Tuesday, November 15, 2016: 8:55 AM
Lombard (Hilton San Francisco Union Square)
Tanmoy Dutta1, Gabriella Papa2, Jian SUN3, Nancy Isern4, John R Cort4, Blake A. Simmons5 and Seema Singh6, (1)Deconstruction Division, Joint BioEnergy Institute/Sandia National Laboratories, Emeryville, CA, (2)Joint BioEnergy Institute-Lawrence Berkeley National Laboratory, Emeryville, CA, (3)Key Laboratory of Green Process and Engineering, Institute of Process Engineering, Chinese Academy of Sciences, Beijing, China, (4)Environmental Molecular Sciences Laboratory, Pacific Northwest National Laboratory, Richland, WA, (5)Joint BioEnergy Institute, Emeryville, CA 94608 and Sandia National laboratories, Livermore, CA, Emeryville, CA, (6)Joint BioEnergy Institute, Emeryville, CA

Lignin is a complex three-dimensional amorphous polymer derived from paracoumaryl, coniferyl, and synapyl alcohols, cross-linked together by different a number of linkages. In plant cell walls, lignin fills the spaces between cellulose and hemicellulose, and it acts like a ‘glue’ that holds the lignocellulose matrix together. Despite years of research, the lignin structure is still not well understood as a function of feedstock and process. The ability of certain ionic liquids (ILs) to dissolve cellulose and/or lignin enables the possibility of commercial lignin upgrading and valorization to improve the overall biorefinery economics.
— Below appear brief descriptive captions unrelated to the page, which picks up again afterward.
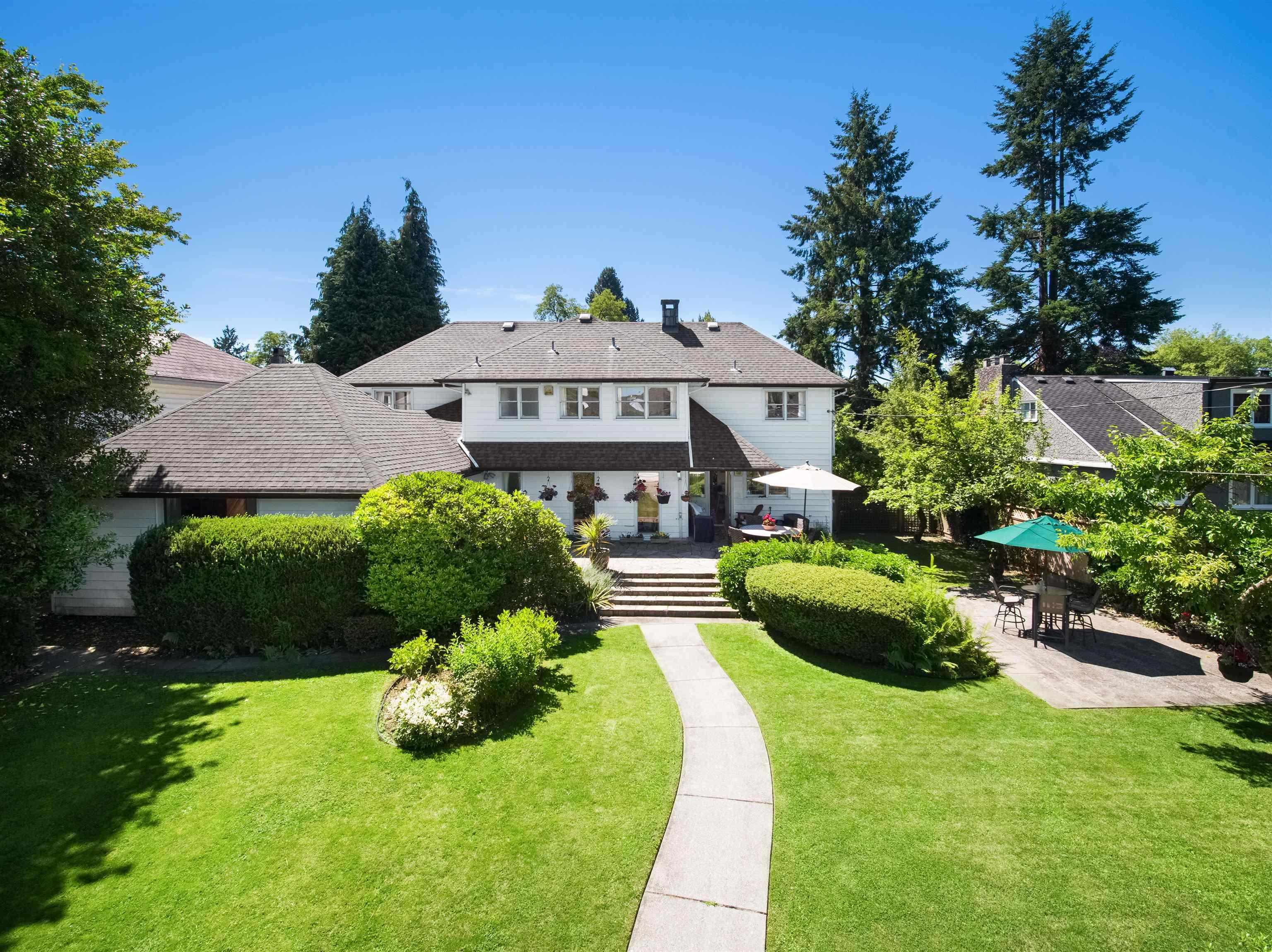 1655 41st Avenue W, Vancouver, BC, V6M 1X9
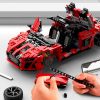 RC autó 1:14 AUDI R8 Spyder kockából RC autó 1:14 AUDI R8 Spyder kockákból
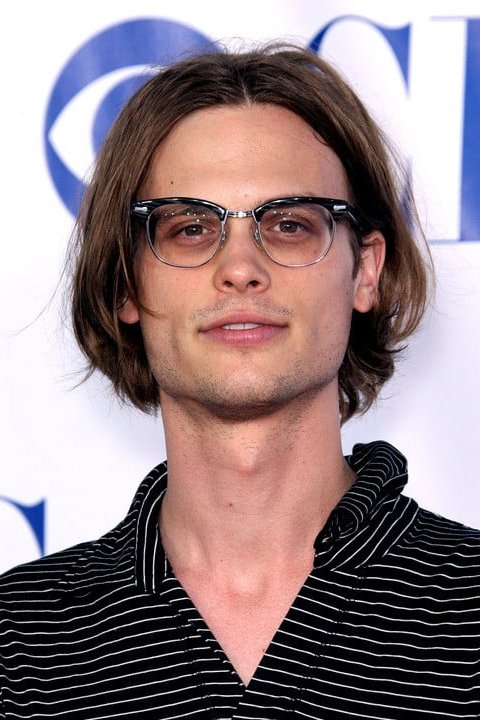 Foto de Matthew Gray Gubler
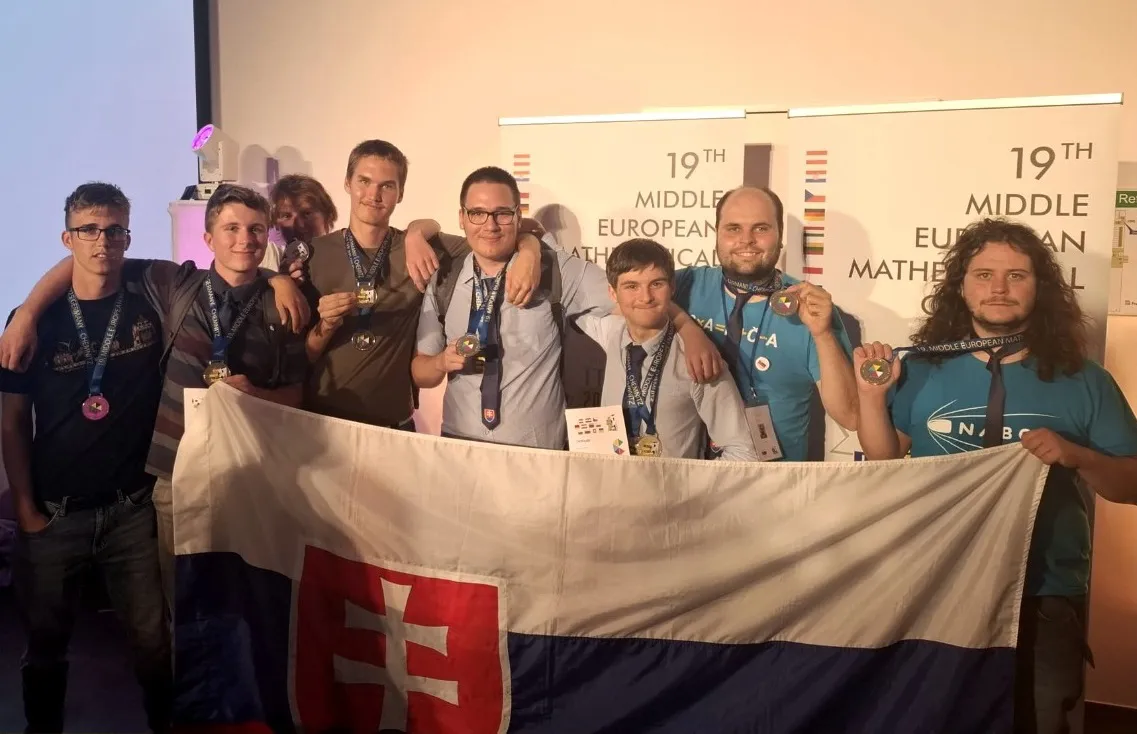 Spoločná fotka účastníkov.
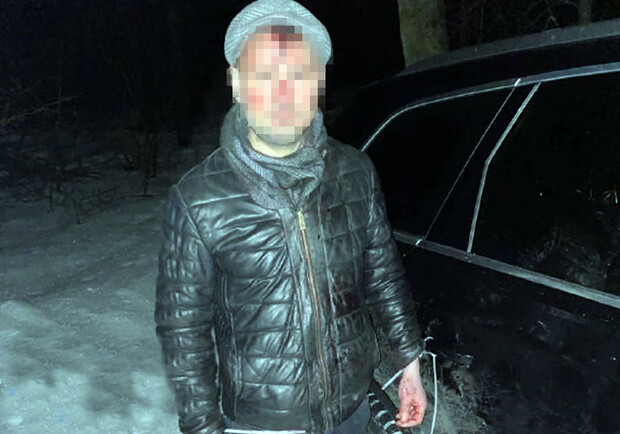 В Харькове бандиты похитили бизнесмена и требовали 1,5 миллиона гривен. 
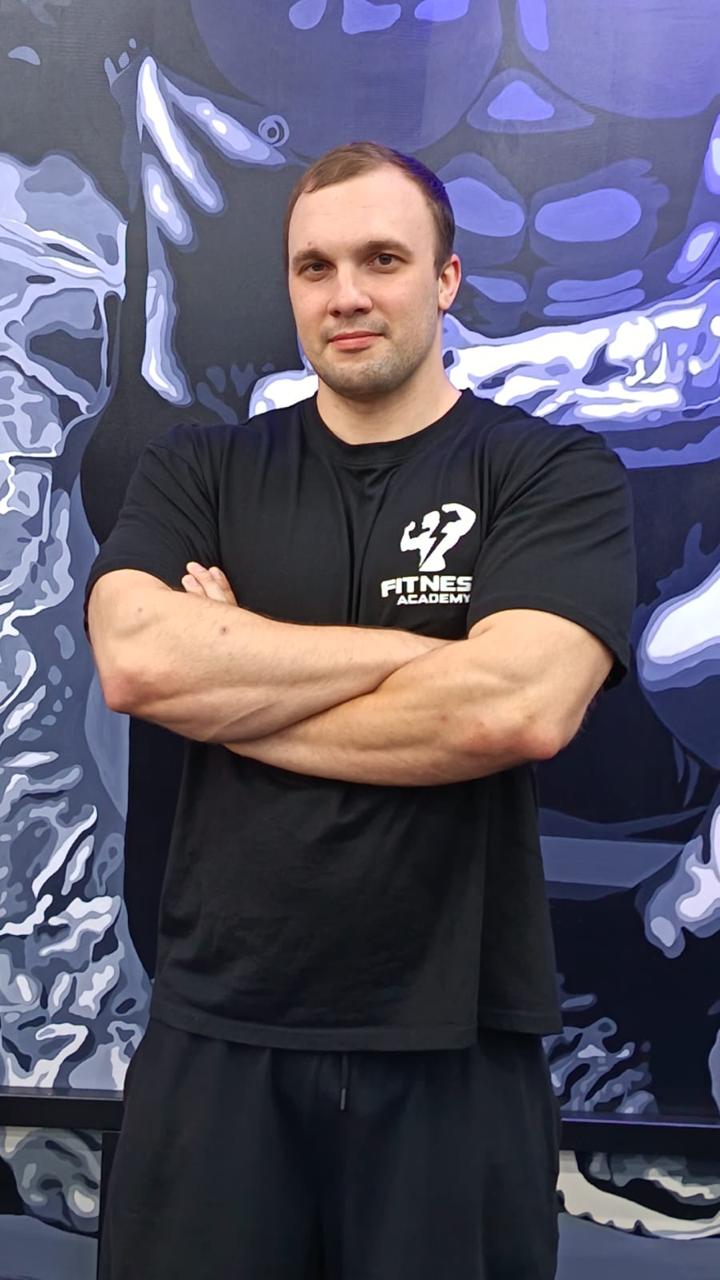 Kirill Gryzlin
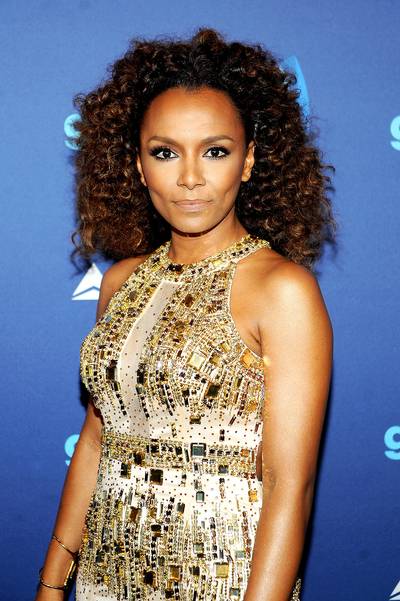 Janet Mock‏, @janetmock - &quot;Rest well with your mama, #BobbiKristina.&quot;(Photo by Brad Barket/Getty Images for Ketel One)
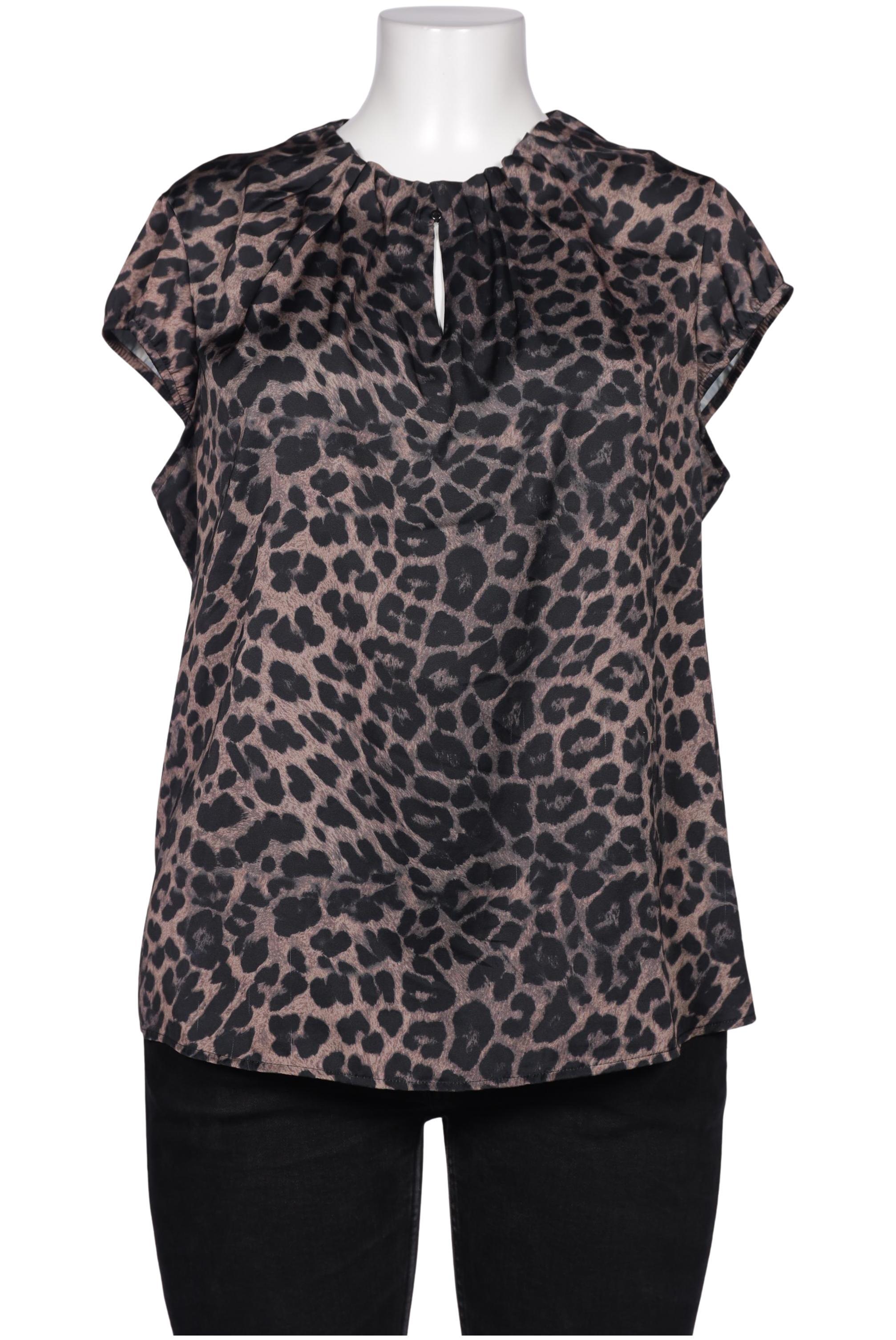 

Comma Damen Bluse, schwarz, Gr. 44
However, to date depolymerization mechanisms of lignin in ILs is not well understood. In this study, the changes in the chemical composition of lignin after pretreatment with IL were investigated. Three different type of biomass, namely switch grass, eucalyptus and pine were utilized in this study. The relative changes in the common β-O-4, β-β and β-5 inter-unit linkages of lignin during pretreatment process were investigated using solution state two dimensional (2D) nuclear magnetic resonance (NMR). The changes in the size and molecular weight distribution of lignin were analyzed using size exclusion chromatography (SEC) and mass spectrometry.